Joad's eyes dropped to the ground, as though he could not meet the naked honesty in the preacher's eyes. "You can't hold no church with idears like that, " he said. "People would drive you out of the country with idears like that. Jumpin' an' yellin'. That's what folks like. Makes 'em feel swell. When Granma got to talkin' in tongues, you couldn't tie her down. She could knock over a full-growed deacon with her fist. "
Casy regarded him broodingly. "Somepin I like to ast you," he said. "Somepin that been eatin' on me. "
"Go ahead. I'll talk, sometimes. "
"Well" -the preacher said slowly- "here's you that I baptized right when I was in the glory roof-tree. Got little hunks of Jesus jumpin' outa my mouth that day. You won't remember 'cause you was busy pullin' that pigtail. "
"I remember, " said Joad. "That was Susy Little. She bust my finger a year later. "
"Well-did you take any good outa that baptizin'? Was your ways better? "
Joad thought about it. "No-o-o, can't say as I felt anything. "
"Well-did you take any bad from it? Think hard. "
Joad picked up the bottle and took a swig. "They wasn't nothing in it, good or bad. I just had fun. " He handed the flask to the preacher. He sighed and drank and looked at the low level of the whisky and took another tiny drink. "That's good," he said. "I got to worryin' about whether in messin' around maybe I done somebody a hurt. "
Joad looked over toward his coat and saw the turtle, free of the cloth and hurrying away in the direction he had been following when Joad found him.

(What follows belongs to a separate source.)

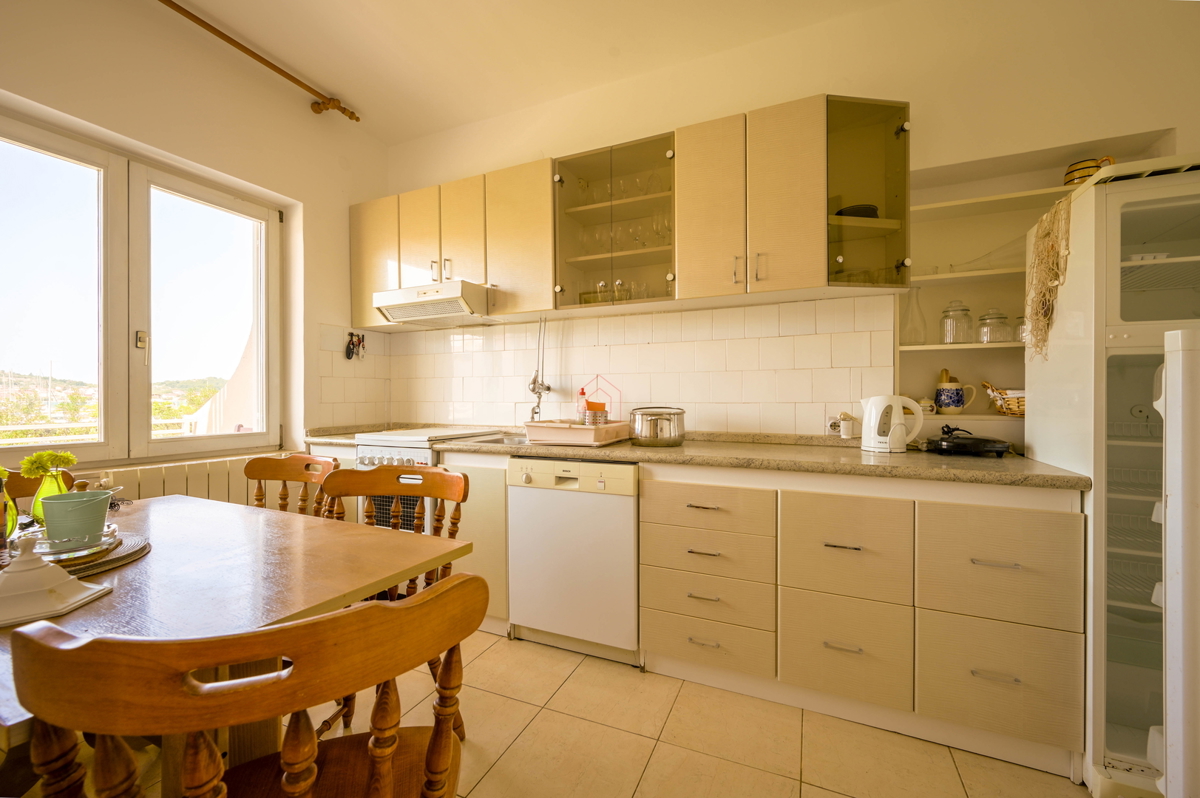 Bellissima casa con 5 unità abitative nel centro di Murter con parcheggio e giardino.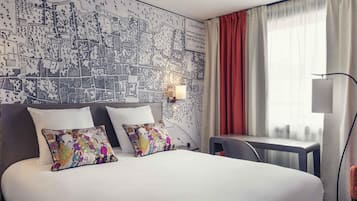 Ropa de cama de alta calidad y caja de seguridad en la habitación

Joad watched him for a moment and then got slowly to his feet and retrieved him and wrapped him in the coat again. "I ain't got no present for the kids, " he said. "Nothin' but this ol' turtle. "
"It's a funny thing, " the preacher said. "I was thinkin' about ol' Tom Joad when you come along. Thinkin' I'd call in on him. I used to think he was a godless man. How is Tom?"

4. Questions for discussion

(1). What is the symbolic meaning of the turtle connected with the theme?
(2). What is the function of Jim Casy in the whole story?